Управляемая демократия. Россия, которую нам навязали | Страница: 70

  • Georgia
  • Verdana
  • Tahoma
  • Symbol
  • Arial
16
px

28 апреля 1994 г. ФНПР подписала Договор об общественном согласии, который обязывал участников воздерживаться от выступлений протеста. Одновременно Министерство труда России решило провести через Государственную думу новый Кодекс законов о труде, который резко сужал права профсоюзов и наемных работников по сравнению с советским законодательством. ФНПР, связанная октябрьским соглашением и Договором об общественном согласии, могла противопоставить этому лишь лоббирование парламентских фракций и правительства. Поскольку невозможно было полностью избежать конфликтов, политика руководства ФНПР, начиная с осени 1993 г., состояла в переносе центра тяжести с общероссийских коллективных действий на выступления на местах. Сходные тенденции прослеживались и в «альтернативных» профцентрах.

Летом 1994 г. стало очевидно, что правительство вновь игнорирует Генеральное тарифное соглашение. ФНПР протестовала на Трехсторонней комиссии — и только. Российский профсоюз машиностроителей пошел дальше, отозвав свою подпись под Договором об общественном согласии. Свои подписи стали отзывать и другие отраслевые профсоюзы. Никаких серьезных последствий это тоже не имело. Лидеры ФНПР были вынуждены вновь прибегнуть к коллективным действиям.

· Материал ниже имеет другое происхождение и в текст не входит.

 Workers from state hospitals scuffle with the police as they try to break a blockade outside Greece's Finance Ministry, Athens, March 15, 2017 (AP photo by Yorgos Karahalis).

Осенью 1994 г. руководство ФНПР сделало основную ставку на митинги и пикеты, пытаясь, насколько возможно, не допускать забастовок. Это объяснялось, помимо прочего, финансовыми причинами. Несмотря на то что пикеты обходятся очень дорого профсоюзному бюджету, они стоят дешевле стачек. Децентрализация профсоюзных средств в середине 1980-х гг. практически сделала невозможным создание крупных фондов солидарности и забастовочных фондов. В случае стачки профсоюзы должны быть либо уверены в быстрой победе, либо надеяться на энтузиазм работников. Пикетирование же могло дать ощутимые результаты лишь в том случае, если бы власти сознавали, что за пикетами последуют стачки. Это было очевидно в случае с шахтерами летом 1993 г. и ранней весной 1994 г. Профсоюзы, которым удалось «подверстать» свои акции к шахтерским выступлениям, тоже добились результатов. Но когда пикеты стали выстраиваться у Дома Правительства практически каждый день в течение весны 1994 г., они стали совершенно неэффективны. Такими же неэффективными оказались «дни протеста», проводившиеся ФНПР ежегодно. Пресса открыто иронизировала над жестами профсоюзных лидеров, сводивших борьбу за права рабочих к однодневным символическим акциям. Серьезные столкновения с властью не укладывались в новую стратегию федерации, «предлагающей себя в качестве респектабельной, стабильной организации, готовой сразу выступить в качестве элемента госуправления экономикой» [188] .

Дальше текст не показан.